As long as he lived Ishmael never forgot the exquisite moment when he broke his first furrow on his own land. Harvest gathered is a wonder and a release from strain; sowing and tending of seed and young crops is sweet, but ploughing holds more of romance than all the rest. It is the beginning, the fresh essay with soil that has become once more savage; it is the earliest essential of man's conquest of Nature; his taming of her from a wild mistress to a fruitful wife.

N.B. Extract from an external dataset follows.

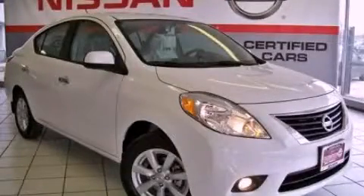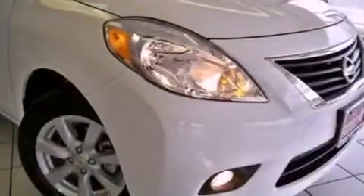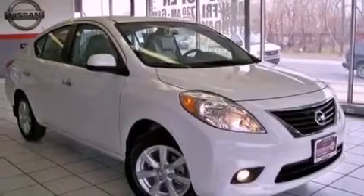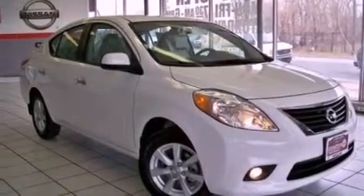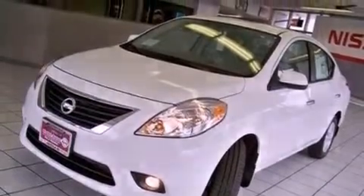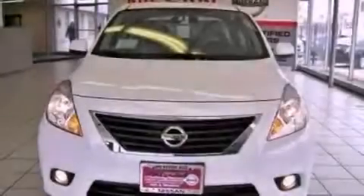This is a brand-new 2013 Nissan Versa. It features a 1.6-liter four-cylinder engine and a continuous variable transmission. Its top features include a low-tire pressure indicator, commercial-free satellite radio, aluminum wheels, and traction control and stability control systems.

The day shone with the clear pearliness of early June: high in air the big c.u.mulus clouds rode golden-white, trailing their shadows over the dappled land beneath; the branches of hawthorn gleamed silvery amidst the pearly blossom; a wine-pale sunlight washed with iridescence sky and earth. In the great sloping field, which held six days' hard ploughing between its stone ramparts, the granite monolith stood four-square to all the winds that blew, defying ploughs and weathers. The two brown horses waited by the highest hedge, the plough, that always looks so toy-like and is so stubborn, quiescent behind them, a boy ready at their heads, switch in hand. With a freshness of emotion never quite to be recaptured, Ishmael gathered up the rope reins and took the handles of the plough in his grip. The impact of the blade against the soil when the straining horses had given the first jerk up the slope was as some keen exquisite mating of his innermost being with the substance of the earth ... a joy almost sensual, so strong was the pleasure of the actual physical contact as yielding soil and fine hard edge met--his hands sensitively aware of the texture of that meeting through the iron frame of the plough. Up and down the field, over its humped back, widening the strip of brown between him and the hedge, always with pleasure at sight of that long rich fold of earth turning over perpetually under the sideways impact of the blade, turning over till the green turf was hidden by the brown of the under soil....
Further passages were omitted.